Chin Huang, Software Engineer, IBM

Test 2: Inserting Edges
In the second test scenario, the team randomly picked 30,000,000 pairs of vertices and entered 30,000,000 edges into it. Each edge had one property. Again, this data was saved to CSV files and the edges were imported as quickly as possible into JanusGraph.

Once again, Scylla far outpaced the other two databases. Scylla’s throughput was 160% better than HBase and more than 4X that of Cassandra.

Test 3: Query Performance
Here the purpose was to simulate a real-life application. The team wanted to see under the real use of a complex query the number of transactions per second each database could handle in their 3-node configuration.

And once again Scylla came out heads and shoulders above HBase and Cassandra. At high volumes, Scylla performed 72% better than Cassandra and nearly 150% better than HBase.

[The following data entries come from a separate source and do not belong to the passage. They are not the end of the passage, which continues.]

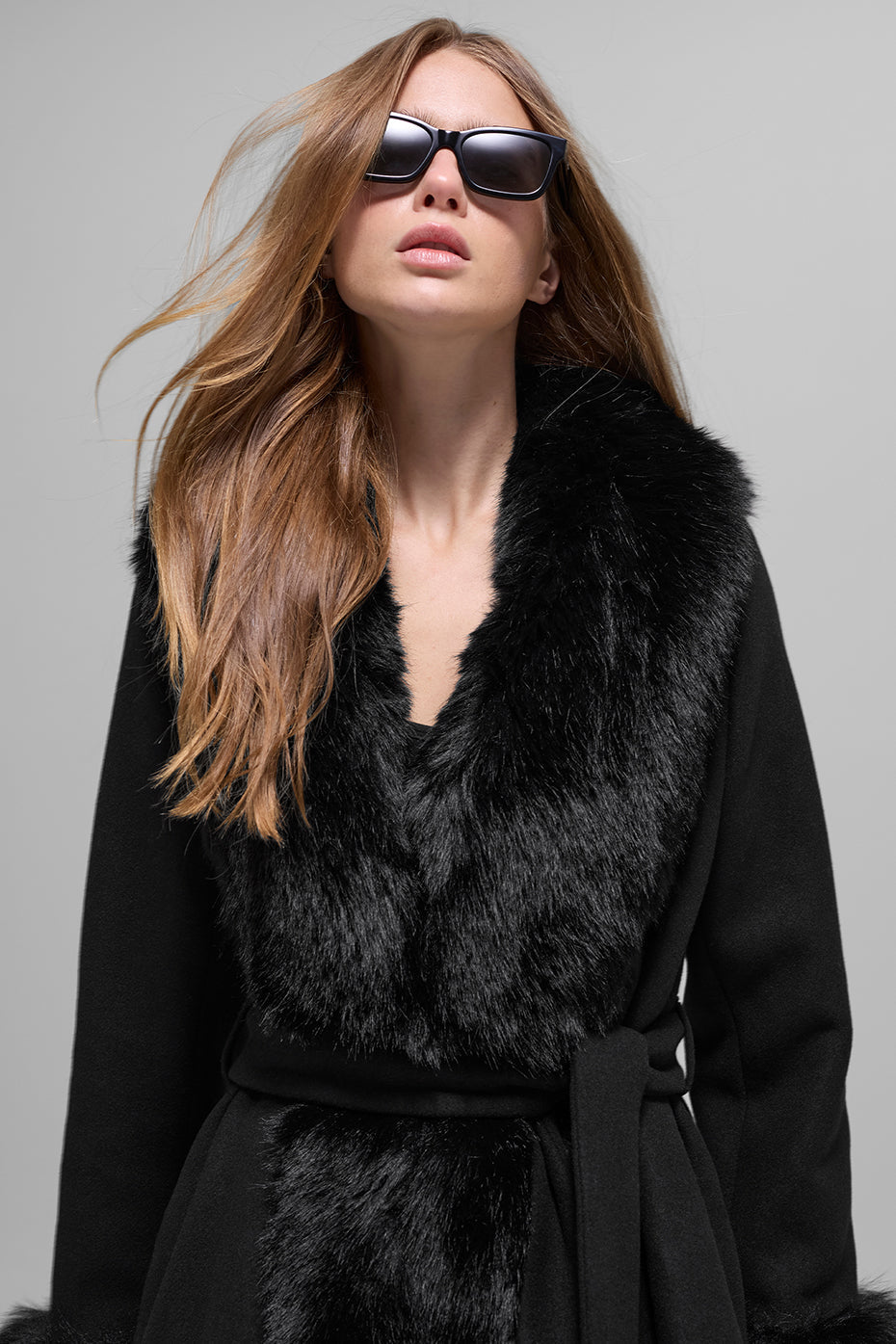 Alo Yoga Faux Fur Trimmed Longline Coat - Black - imagen 3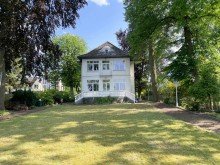 Hausansicht Seeseite Verkauft: Herrschaftliche Villa auf Wassergrundst�ck in Schm�ckwitz!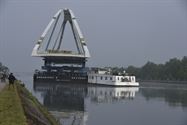 Plaatsing brug was toeristische attractie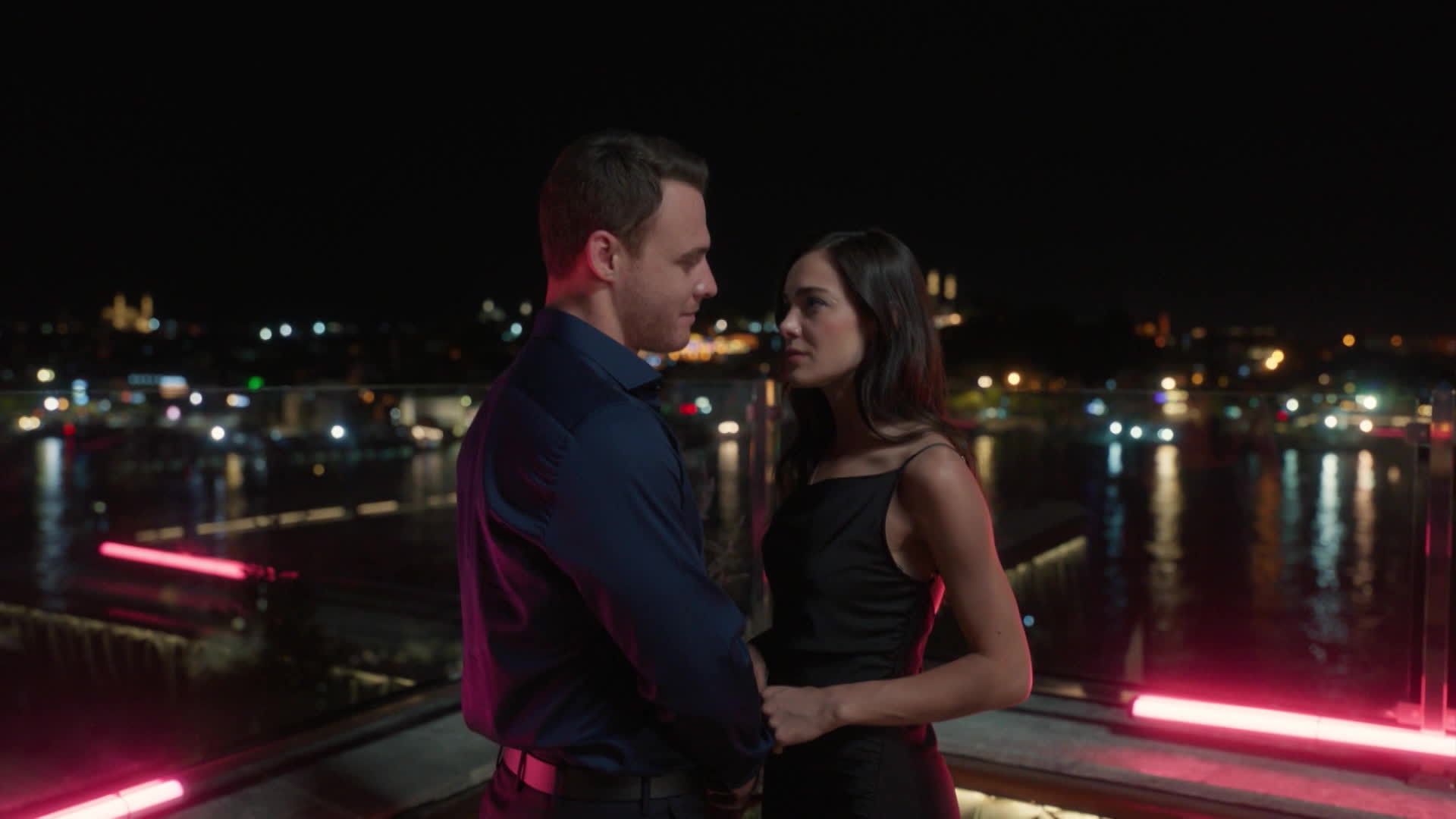 Ates e Leyla ballano dopo le dichiarazioni d'amore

The team also measured latency in order to see how well the databases could meet SLAs. At higher traffic volumes, Scylla’s latency was roughly half that of Cassandra and almost a third of HBase. As Chin Huang, Software Engineer at IBM, expressed, “once you get to 400 concurrent users, it really looks like Scylla is the only choice.”

Lessons Learned

The IBM team learned quite a lot from their performance tests. In addition to its performance advantages, Scylla was also the easiest database to cluster, especially when adding multiple nodes to a cluster. They were also very pleased to see Scylla’s self-tuning capabilities, load balancing and its ability to fully utilize the available system resources. Lastly, their test environments confirmed that Scylla works with existing Cassandra utility clients.